Israel-Gaza conflict: The myth of Hamas’s human shields

Israel blames Gaza death toll on Palestinians for deliberately putting people in line of fire. But can strikes ever be targeted to minimise civilian casualties in such a densely populated area?

Khan Younis

What used to be a three-storey house had been turned into debris sunk into a deep crater with twisted steel rods jutting out. Twenty-six people were killed in the mostly deadly air-strike so far in this bloody conflict. Twenty-four of them were from one family, the Abu Jamaa.

Around the same time that attack was taking place on Sunday evening, Benjamin Netanyahu was charging Hamas on TV with using “human shields” to gather “telegenically dead Palestinians for their cause”. It has long been the Israeli case that the militants cynically and deliberately carry out attacks and store weapons in residential areas and have also stopped people living there from evacuating homes when fighting breaks out.

There have been instances in the 13 days of the current war when the Israelis have sought to provide evidence proving their case.

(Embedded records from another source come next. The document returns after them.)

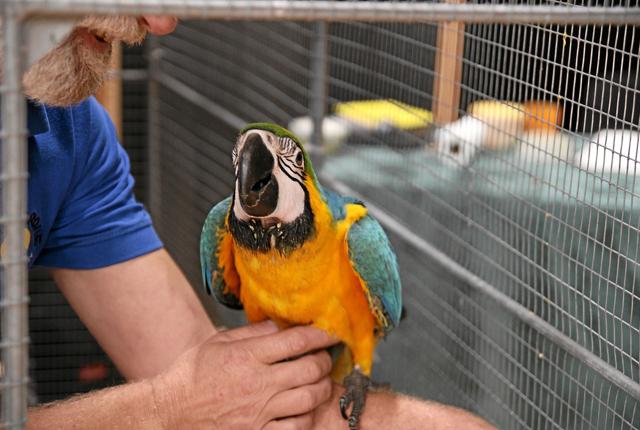 En meget farvestrålende papegøje. Foto: Flemming Dahl Jensen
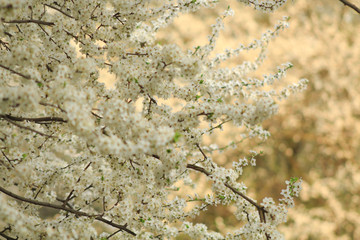 close up of willow branches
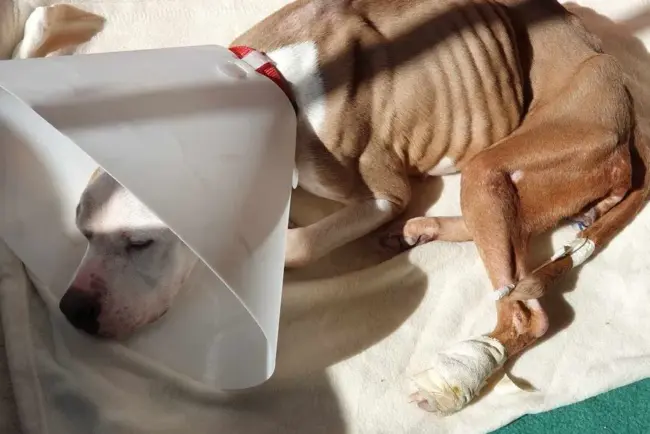 La chienne mal traitée, Saïna, trouve un refuge et une seconde chance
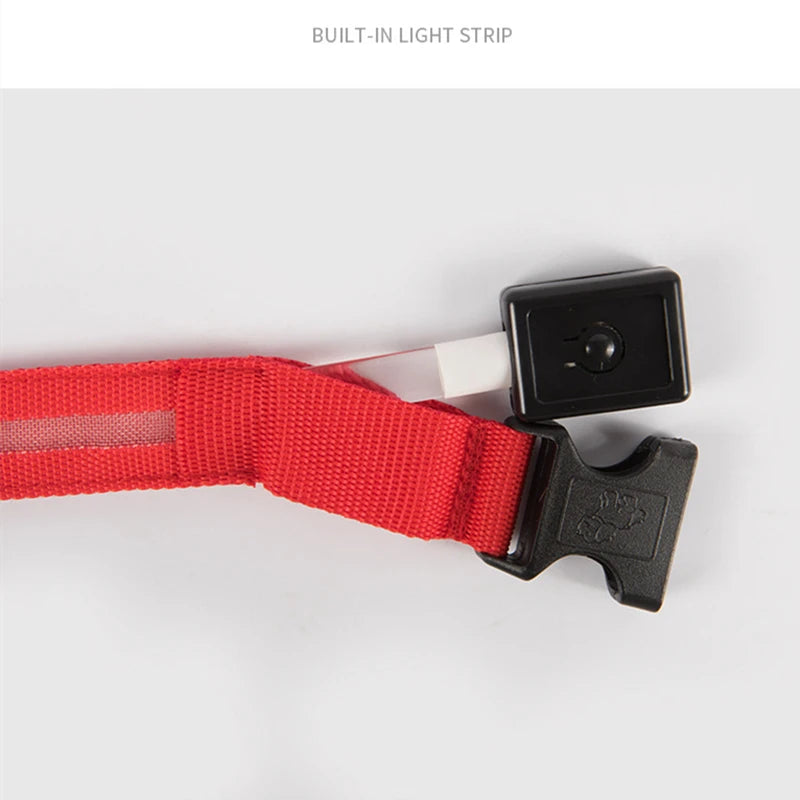 El Collar Centinela del Reino — Collar LED Luminoso Recargable Anti-Pérdida para Perros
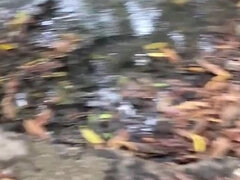 Amatőr, Cumizás, Latin lány, Szabadban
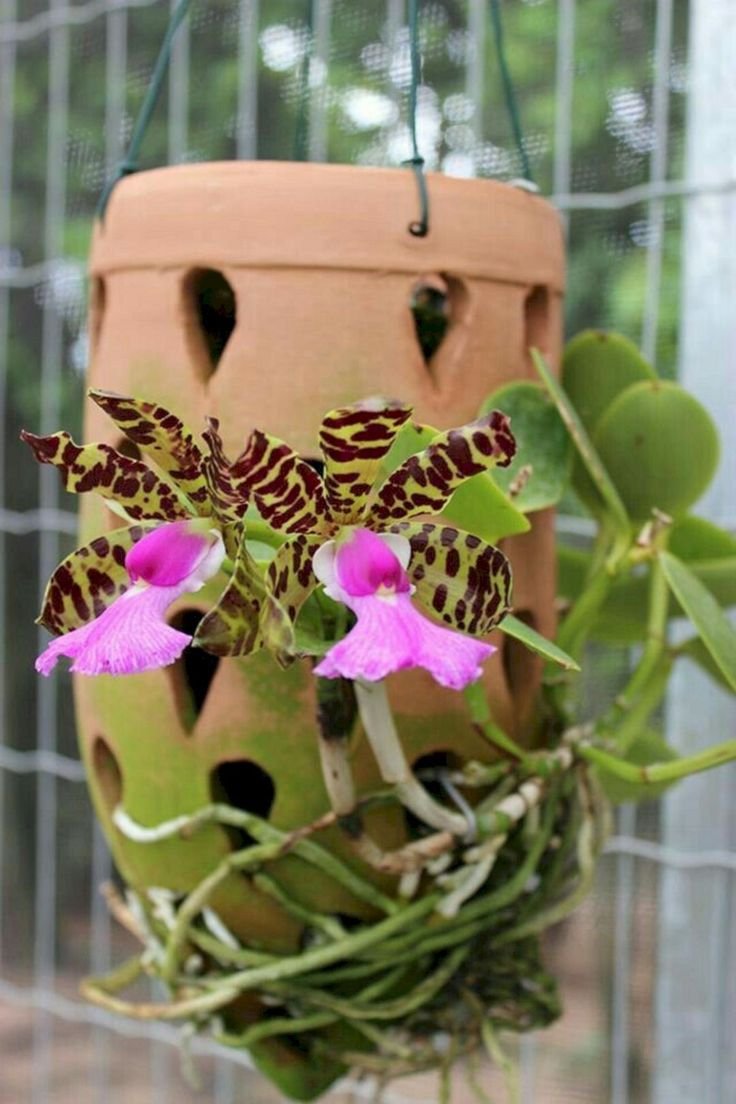 Ампельная Орхидея фаленопсис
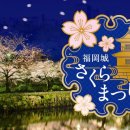 ♣저녁의 벚꽃구경/사꾸라 워킹♣후쿠오카의 사꾸라 축제!! 이미지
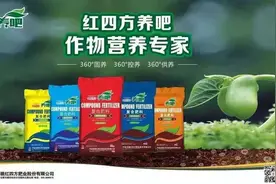 复合肥价格一路领跑，特肥需求旺盛图片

After warplanes targeted the al-Farouq mosque, near the Nuseirat refugee camp, for instance, the military issued aerial photographs which, it stated, showed that the building was being used to store rockets. We have also had the UN agency for Palestinian refugees, UNRWA, announcing that it had discovered 20 rockets hidden in one of its disuse schools in a “flagrant violation” of international law. And rockets are seen to be regularly fired from stretches of open ground close to homes.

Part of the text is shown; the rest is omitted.